Ma torniamo al Giro dell'Isola di Levanzo: gara di resistenza per cuori forti e menti resistenti. Fra i partecipanti anche Aurelio Scebba, alfiere della 4Spa Sport, nuotatore oltre che istruttore e tecnico di pallanuoto. Insomma, un uomo che ama le sfide e che con grande soddisfazione commenta il secondo posto nella classifica generale Sicilia Open Water.
“Arrivare secondo di categoria all'evento internazioanle EGADI ULTRA SWIM nella classe Sicilia Open Water – Giro di Levanzo, non è solo un risultato sportivo: è una vittoria della testa sul corpo”, afferma un esausto ma soddisfatto Aurelio Scebba.
“In realtà 12 chilometri di mare aperto sembrano un’avventura, ma dall’ottavo chilometro diventano una battaglia - svela il tecnico della 4Spa Sport - la fatica prende il sopravvento, le spalle e le braccia urlano, e ogni bracciata costa il doppio. In quei momenti, l’unica cosa che ti spinge avanti è la testa — e sapere che al traguardo ti aspettano le persone che ami, ti stimola all'infinito. Ho nuotato pensando a mia moglie Rossella e mio figlio Alessandro. e non potevo mollare”.
Un traguardo peraltro condiviso con amici straordinari: Gianluca Scionti, fraterno amico e primo classificato nella sua categoria che merita un applauso per la tenacia con cui si è preparato. E poi Salvo Cacia, terzo nella sua categoria, ed Ezio Maugeri, compagni di mille battaglie in vasca e in campo da pallanuoto.

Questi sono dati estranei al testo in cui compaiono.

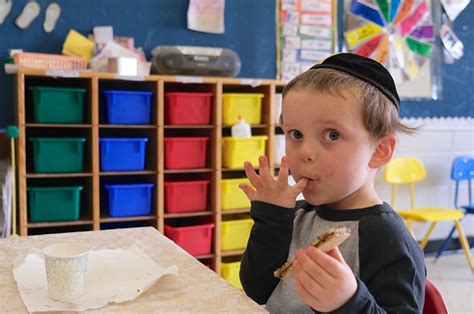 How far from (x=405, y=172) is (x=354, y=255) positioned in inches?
117

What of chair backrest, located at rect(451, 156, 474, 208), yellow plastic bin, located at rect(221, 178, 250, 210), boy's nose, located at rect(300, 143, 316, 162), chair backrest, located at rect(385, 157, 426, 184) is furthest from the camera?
chair backrest, located at rect(451, 156, 474, 208)

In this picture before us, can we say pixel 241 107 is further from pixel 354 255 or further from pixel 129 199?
pixel 354 255

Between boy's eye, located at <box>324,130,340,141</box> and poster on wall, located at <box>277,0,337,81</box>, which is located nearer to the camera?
boy's eye, located at <box>324,130,340,141</box>

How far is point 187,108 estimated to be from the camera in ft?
9.87

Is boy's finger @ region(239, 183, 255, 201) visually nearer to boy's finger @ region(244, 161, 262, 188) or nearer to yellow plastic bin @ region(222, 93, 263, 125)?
boy's finger @ region(244, 161, 262, 188)

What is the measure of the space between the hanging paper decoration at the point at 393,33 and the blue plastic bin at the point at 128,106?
1.60 metres

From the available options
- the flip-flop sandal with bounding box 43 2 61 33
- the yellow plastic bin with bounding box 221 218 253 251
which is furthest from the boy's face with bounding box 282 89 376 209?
the flip-flop sandal with bounding box 43 2 61 33

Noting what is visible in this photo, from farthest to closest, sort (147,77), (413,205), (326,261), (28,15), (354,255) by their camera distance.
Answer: (413,205)
(28,15)
(147,77)
(354,255)
(326,261)

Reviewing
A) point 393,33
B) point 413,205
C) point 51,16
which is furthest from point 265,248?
point 393,33

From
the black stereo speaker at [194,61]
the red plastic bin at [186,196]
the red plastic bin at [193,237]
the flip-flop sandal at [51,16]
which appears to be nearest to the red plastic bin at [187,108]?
the black stereo speaker at [194,61]

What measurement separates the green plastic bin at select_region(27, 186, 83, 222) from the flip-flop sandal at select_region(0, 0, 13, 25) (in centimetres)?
94

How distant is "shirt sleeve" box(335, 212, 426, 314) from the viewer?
2.88 feet

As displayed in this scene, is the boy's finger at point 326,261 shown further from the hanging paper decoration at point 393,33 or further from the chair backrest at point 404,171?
the hanging paper decoration at point 393,33

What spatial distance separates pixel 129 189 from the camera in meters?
2.94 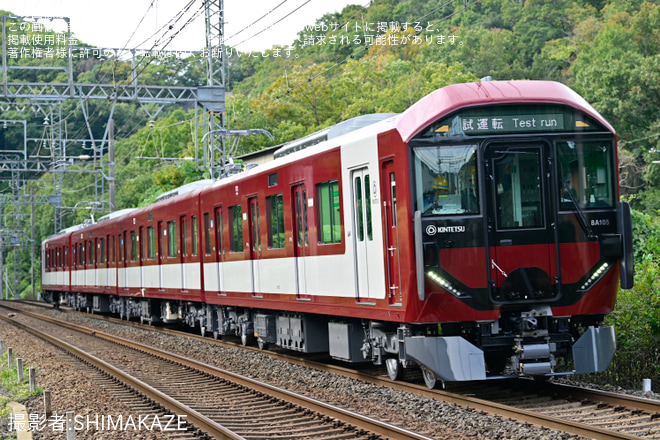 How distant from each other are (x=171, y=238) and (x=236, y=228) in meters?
5.90

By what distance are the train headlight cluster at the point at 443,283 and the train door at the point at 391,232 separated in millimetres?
526

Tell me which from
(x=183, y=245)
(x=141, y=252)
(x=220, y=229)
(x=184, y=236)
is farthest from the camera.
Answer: (x=141, y=252)

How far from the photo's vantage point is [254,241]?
51.6 feet

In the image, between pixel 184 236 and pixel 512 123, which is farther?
pixel 184 236

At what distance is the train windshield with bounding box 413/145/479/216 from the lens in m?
9.62

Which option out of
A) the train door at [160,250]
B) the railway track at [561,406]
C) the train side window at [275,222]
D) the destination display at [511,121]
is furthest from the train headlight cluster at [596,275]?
the train door at [160,250]

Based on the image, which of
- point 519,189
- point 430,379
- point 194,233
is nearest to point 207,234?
point 194,233

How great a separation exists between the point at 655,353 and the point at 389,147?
4521 millimetres

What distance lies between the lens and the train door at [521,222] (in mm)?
9602

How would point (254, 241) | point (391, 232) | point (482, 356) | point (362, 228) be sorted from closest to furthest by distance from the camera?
point (482, 356)
point (391, 232)
point (362, 228)
point (254, 241)

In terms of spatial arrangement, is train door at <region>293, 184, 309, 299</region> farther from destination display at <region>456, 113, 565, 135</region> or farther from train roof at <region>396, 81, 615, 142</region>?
destination display at <region>456, 113, 565, 135</region>

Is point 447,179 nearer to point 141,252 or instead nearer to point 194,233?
point 194,233

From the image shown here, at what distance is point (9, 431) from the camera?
31.7 feet

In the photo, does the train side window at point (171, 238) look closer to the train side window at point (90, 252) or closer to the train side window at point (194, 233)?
the train side window at point (194, 233) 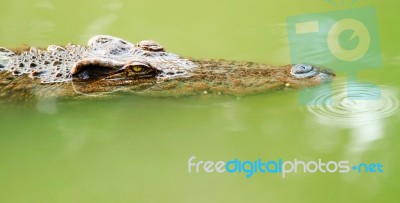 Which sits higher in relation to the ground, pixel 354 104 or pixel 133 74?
pixel 133 74

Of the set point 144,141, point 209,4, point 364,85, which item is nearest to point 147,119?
point 144,141

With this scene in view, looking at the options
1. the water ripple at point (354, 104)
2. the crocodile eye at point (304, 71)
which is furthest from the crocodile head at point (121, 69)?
the water ripple at point (354, 104)

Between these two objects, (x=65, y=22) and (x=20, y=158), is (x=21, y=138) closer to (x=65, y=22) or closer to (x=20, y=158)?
(x=20, y=158)

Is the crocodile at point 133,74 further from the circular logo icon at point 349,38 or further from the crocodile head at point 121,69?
the circular logo icon at point 349,38

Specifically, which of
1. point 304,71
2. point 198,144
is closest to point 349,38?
point 304,71

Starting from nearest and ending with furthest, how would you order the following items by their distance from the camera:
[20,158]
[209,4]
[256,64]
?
[20,158] → [256,64] → [209,4]

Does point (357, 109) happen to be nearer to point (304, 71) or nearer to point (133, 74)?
point (304, 71)

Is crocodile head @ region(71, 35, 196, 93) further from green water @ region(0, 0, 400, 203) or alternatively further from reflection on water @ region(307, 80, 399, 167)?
reflection on water @ region(307, 80, 399, 167)

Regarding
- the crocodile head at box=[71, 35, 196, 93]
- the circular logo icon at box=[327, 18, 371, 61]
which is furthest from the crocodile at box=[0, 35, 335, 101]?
the circular logo icon at box=[327, 18, 371, 61] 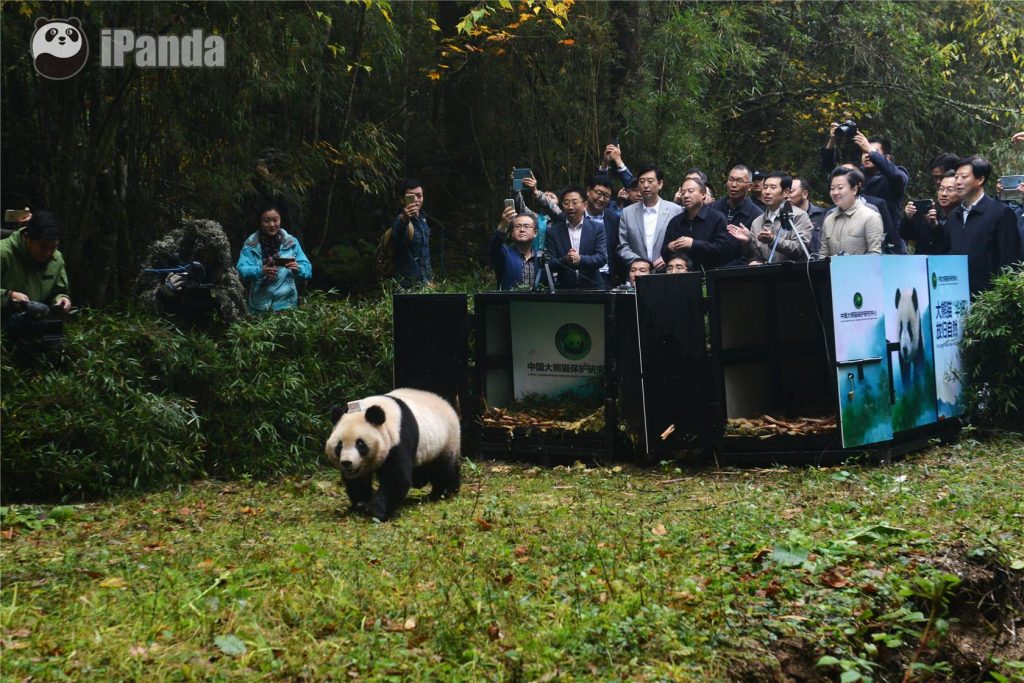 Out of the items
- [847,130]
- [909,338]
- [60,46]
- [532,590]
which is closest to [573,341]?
[909,338]

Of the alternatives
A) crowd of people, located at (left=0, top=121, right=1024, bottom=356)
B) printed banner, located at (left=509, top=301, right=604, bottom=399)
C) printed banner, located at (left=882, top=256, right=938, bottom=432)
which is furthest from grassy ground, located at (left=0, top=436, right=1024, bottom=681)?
crowd of people, located at (left=0, top=121, right=1024, bottom=356)

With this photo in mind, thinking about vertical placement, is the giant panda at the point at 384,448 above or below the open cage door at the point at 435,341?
below

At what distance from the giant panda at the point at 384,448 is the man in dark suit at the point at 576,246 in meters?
2.75

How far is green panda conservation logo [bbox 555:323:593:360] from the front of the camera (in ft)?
31.2

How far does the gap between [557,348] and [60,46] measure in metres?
4.85

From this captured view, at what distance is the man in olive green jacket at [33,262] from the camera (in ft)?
26.5

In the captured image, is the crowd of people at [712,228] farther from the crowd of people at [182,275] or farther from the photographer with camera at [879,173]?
the crowd of people at [182,275]

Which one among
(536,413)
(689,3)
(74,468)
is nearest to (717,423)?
(536,413)

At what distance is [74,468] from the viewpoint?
7.73 metres

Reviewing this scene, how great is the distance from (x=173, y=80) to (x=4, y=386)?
3.87 metres

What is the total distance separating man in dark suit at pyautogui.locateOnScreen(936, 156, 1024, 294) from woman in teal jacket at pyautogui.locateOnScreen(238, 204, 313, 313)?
19.0 feet

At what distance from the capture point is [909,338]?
8930 mm

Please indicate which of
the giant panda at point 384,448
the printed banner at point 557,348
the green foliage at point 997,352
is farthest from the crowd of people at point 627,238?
the giant panda at point 384,448

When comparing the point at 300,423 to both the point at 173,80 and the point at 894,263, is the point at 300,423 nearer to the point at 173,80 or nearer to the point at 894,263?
the point at 173,80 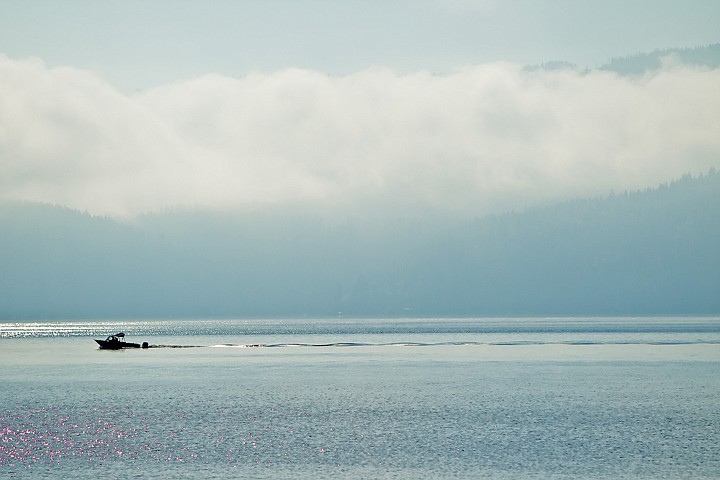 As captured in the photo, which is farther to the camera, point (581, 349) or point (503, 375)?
point (581, 349)

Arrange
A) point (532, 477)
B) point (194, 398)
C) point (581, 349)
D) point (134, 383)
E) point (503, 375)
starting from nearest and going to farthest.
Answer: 1. point (532, 477)
2. point (194, 398)
3. point (134, 383)
4. point (503, 375)
5. point (581, 349)

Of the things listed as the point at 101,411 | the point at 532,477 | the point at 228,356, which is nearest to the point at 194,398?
the point at 101,411

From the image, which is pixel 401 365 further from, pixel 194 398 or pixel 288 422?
pixel 288 422

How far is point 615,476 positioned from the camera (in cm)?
5016

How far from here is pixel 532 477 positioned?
50.0m

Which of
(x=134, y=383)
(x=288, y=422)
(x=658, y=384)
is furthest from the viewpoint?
(x=134, y=383)

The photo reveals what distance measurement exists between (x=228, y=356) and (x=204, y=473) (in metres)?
134

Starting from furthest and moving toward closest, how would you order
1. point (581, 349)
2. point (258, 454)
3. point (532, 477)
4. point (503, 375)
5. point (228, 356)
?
point (581, 349)
point (228, 356)
point (503, 375)
point (258, 454)
point (532, 477)

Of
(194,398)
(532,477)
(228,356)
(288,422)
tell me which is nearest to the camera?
(532,477)

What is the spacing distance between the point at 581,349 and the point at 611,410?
4685 inches

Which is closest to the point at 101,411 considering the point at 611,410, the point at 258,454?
the point at 258,454

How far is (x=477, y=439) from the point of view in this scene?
64625 mm

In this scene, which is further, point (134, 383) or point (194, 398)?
point (134, 383)

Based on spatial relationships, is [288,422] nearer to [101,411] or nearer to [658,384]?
[101,411]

Aurelio Scebba accenna un sorriso e afferma: "Un ringraziamento speciale va alla mia nutrizionista — nonchè mia moglie — Rossella Cocciadiferro: senza la sua preparazione non avrei mai tagliato quel traguardo, impensabile senza il suo sostegno. Questa è la bellezza dello sport: ti mette a nudo, ti sfida, e quando arrivi, capisci quanto vali davvero".